4308.265 · September 21, 1988 AD
Ochre and Promises
In the late afternoon, Violet and Jasmine walk into the Outback beyond Broken Hill's western edge, their footsteps raising red dust that settles behind them like something reluctant to let go. Jasmine finds a boulder shaped like a sleeping figure and declares that the rocks tell stories. Violet, carrying the morning's discoveries like stones in her pockets, makes a promise at the front gate that her sister receives with the solemnity of someone who understands more than she has been told.
The Outback received them without ceremony. The track beyond Broken Hill's western edge — beaten earth and loose gravel threading between clusters of scrub — opened onto the landscape that had been the backdrop of both sisters' lives and that Violet had loved with the particular ferocity reserved for things that were simultaneously home and horizon. The eucalyptus trees stood in their habitual postures along the track's margins, silver trunks twisted upward, leaves catching the late afternoon light and releasing it in fragments that drifted through the air like scattered currency.
The morning's events pressed against Violet's consciousness with an insistence that the landscape's beauty could soften but not dispel. The letter. The pact sealed with stacked hands in Michelle's living room. The ride to the Silver Queen. The compartment behind the false panel. Sally Harlow's journal, its pages tracking a mind's descent from methodical curiosity to frantic terror. The shadow in the corridor — tall, human, withdrawing into darkness with a deliberation that suggested not flight but patience.

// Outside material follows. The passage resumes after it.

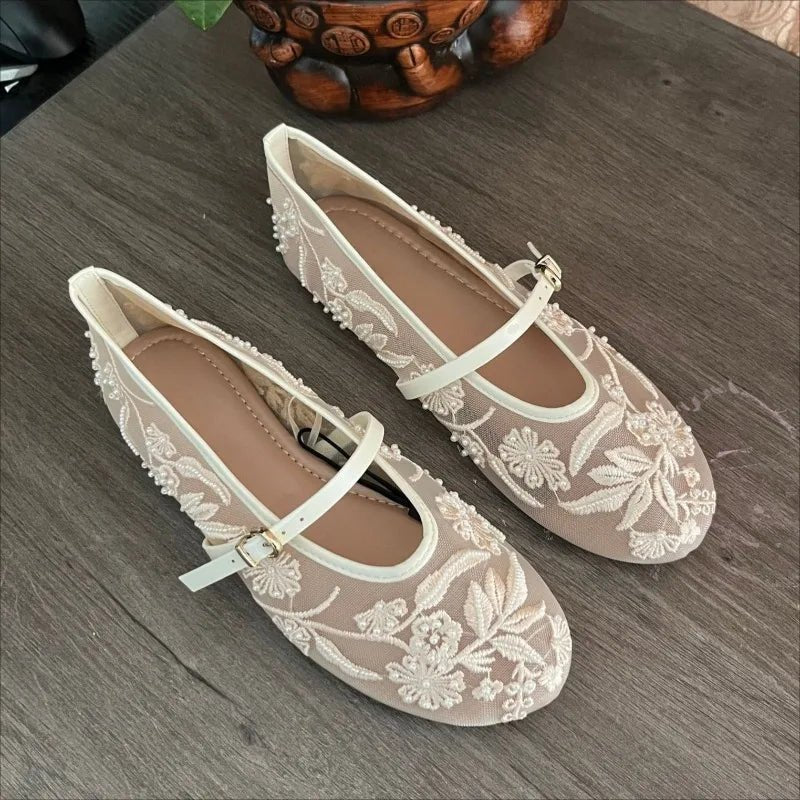 SOERA Sarah Beaded Mesh Ballet Flats - Shoes - 1005008967967408-;zj1769670009969652494 40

All of this rode in Violet's thoughts as she walked beside Jasmine, her trainers scuffing the ochre earth, her backpack — now containing the journal and the folded map alongside the anonymous letter — bumping against her spine with each step. The weight was physical and otherwise. She carried evidence that connected a missing woman to a historical disappearance, warnings from an anonymous source about dangers she could not yet fully comprehend, and the memory of a presence in an abandoned building that her rational mind wanted to dismiss and her instincts refused to release.
Jasmine walked beside her with the unburdened ease of a fourteen-year-old whose concerns had not yet been contaminated by the knowledge her older sister carried. Her plaits swung with each step. Her eyes moved across the landscape with the active attention of someone who found the Outback endlessly interesting rather than merely familiar — tracking the flight of a bird, noting a stone that caught the light, registering the particular way the scrub changed colour as the afternoon advanced.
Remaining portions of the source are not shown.